Affects Version/s: None
Fix Version/s: WT1.4.2
Here are a few changes to your fixes for eviction during checkpoints (a branch on a branch).
The first change is mostly cosmetic: as far as I can see, there is no need for a round trip to the eviction server thread to wait for LRU eviction to complete before starting a checkpoint. Any pages selected for LRU eviction will be locked while evict_lock is held, and the checkpoint walk will wait for the locked state to be resolved before attempting to evict any parent pages.

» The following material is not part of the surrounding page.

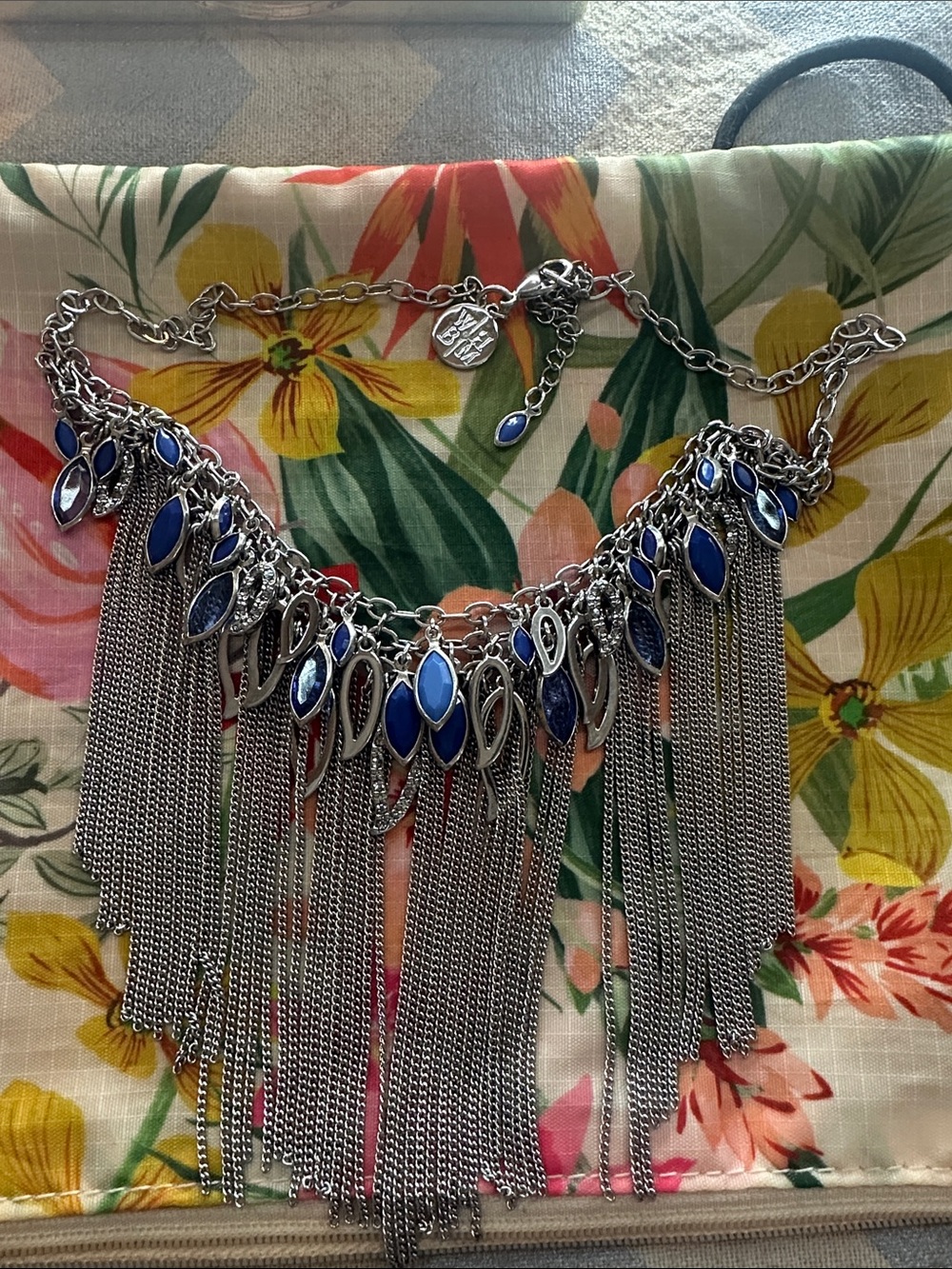White House Black Market Silver-Tone Fringe Necklace with Blue Accents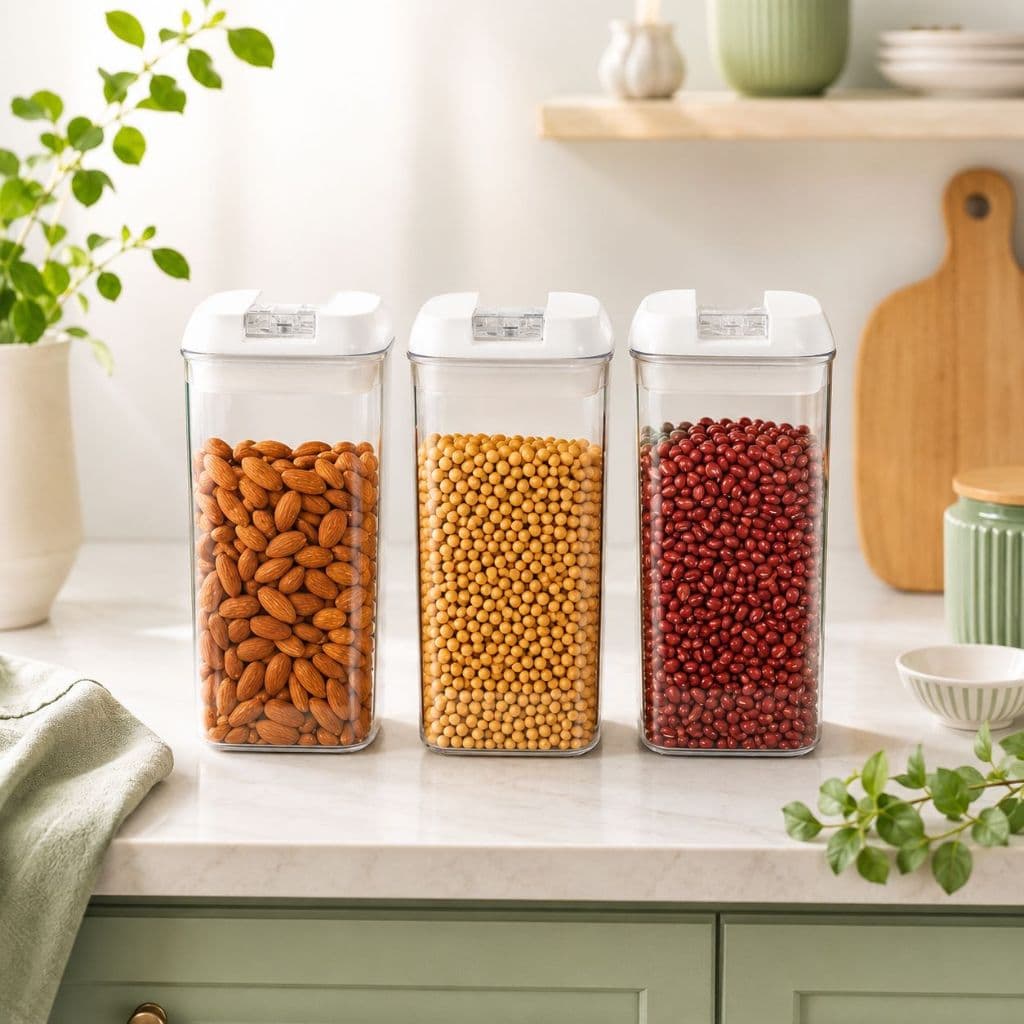 Kit 3 Potes Herméticos Acrílico 1200ml Mantimentos Organizador Vedação Cozinha Colheres e Adesivos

The next thing I realized is that your check in __rec_review of whether an ancestor page is in some state other than WT_REF_MEM is sufficient on its own. That is, we don't need to completely avoid eviction of dirty pages anywhere in the file for the whole of the internal node checkpoint.
The reason is a little subtle: as mentioned above, any eviction "ahead of" the checkpoint will cause the checkpoint walk to pause until it is done. Any eviction "behind" the checkpoint will read using the checkpoint transaction snapshot, so no newer changes can be evicted anyway.
The tradeoffs with this change are:
1. application threads can help out with checkpoint in the unlikely event that an internal node ends up on the LRU queue;
2. it simplifies the code (less checking for whether writes are disabled); but
3. there could be more wasted work in eviction threads, where reconciliation starts then gives up when there is no chance of them being evicted successfully.
If 3. is measurable, I'm inclined to address it by tweaking the pages that are put on the LRU queue and keeping the complexity out of __rec_review.
Please take a look and let's talk when I come online in your afternoon / evening. I think we're close – both versions are running hundreds of iterations of that test/format config, and the performance testing is looking pretty good (still a slight dip at the end of checkpoints, but as discussed previously, that could be contention for the block manager mutex).